If Chris Koos decides NOT to run again, it tells me he has ran out of other people’s money.
With Dick’s Sporting Goods moving out of Normal and eventually Kroger, the sharing of Sales Tax will be back. Koos thinks Bloomington residents should pay for his utopian dreams.
I think I need to file some FOIAs.
2 thoughts on “UpTown broke?”
Is it NO WONDER that UPTOWN is broke? #1 Normal plaza, the UPTOWN logo, the street signage, the old rt 66 gas station, the “Transportation hub” , etc, etc, WHAT has UPTOWN done to MAKE MONEY other then the status quo? THAT is NOT progress, and Bloomington is “Monkey see, monkey do”, and I call them BOTH BAD MONKEY!
And Chris, Mitsubishi leaving is going to cut into your budget, so you MAY want to let TARI know about the “Ripple down effect”.
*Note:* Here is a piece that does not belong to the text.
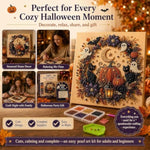 Halloween Pearl Art Kit for Adults, 3D Diamond Craft with Witch Moon Design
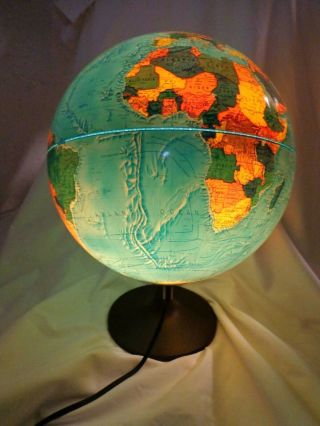 Scan Globe A/s Light Up World Globe Denmark 1985 Gb Edition - Karl F.  Harig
Failing to see the national and world economy around them but instead to continue to spend with reckless abandon Koos has put the town of Normal into a deep financial hole that will take years to climb out of. There is not enough coming down the pike to see light for years. Tino Tari is well on his way to doing the same to Bloomington.